Exercise requirements — Print every line of the listing below, starting with the line that holds "Firefighting Confined Spaceentrapment" and going on through the line that holds "Maison vente à", both included, and print nothing else.

Material for the task —
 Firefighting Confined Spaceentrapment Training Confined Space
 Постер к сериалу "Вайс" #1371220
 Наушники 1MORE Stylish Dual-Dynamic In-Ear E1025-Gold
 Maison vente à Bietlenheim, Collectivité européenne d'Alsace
--
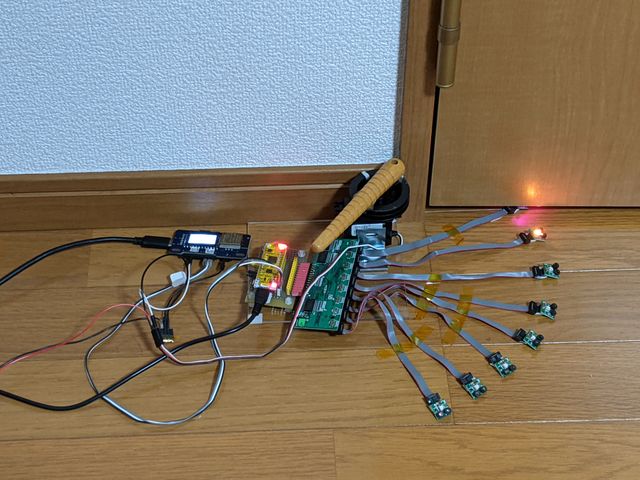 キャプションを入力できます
---
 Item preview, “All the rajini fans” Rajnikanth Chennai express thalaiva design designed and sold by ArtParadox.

Your solution —
 Firefighting Confined Spaceentrapment Training Confined Space
 Постер к сериалу "Вайс" #1371220
 Наушники 1MORE Stylish Dual-Dynamic In-Ear E1025-Gold
 Maison vente à Bietlenheim, Collectivité européenne d'Alsace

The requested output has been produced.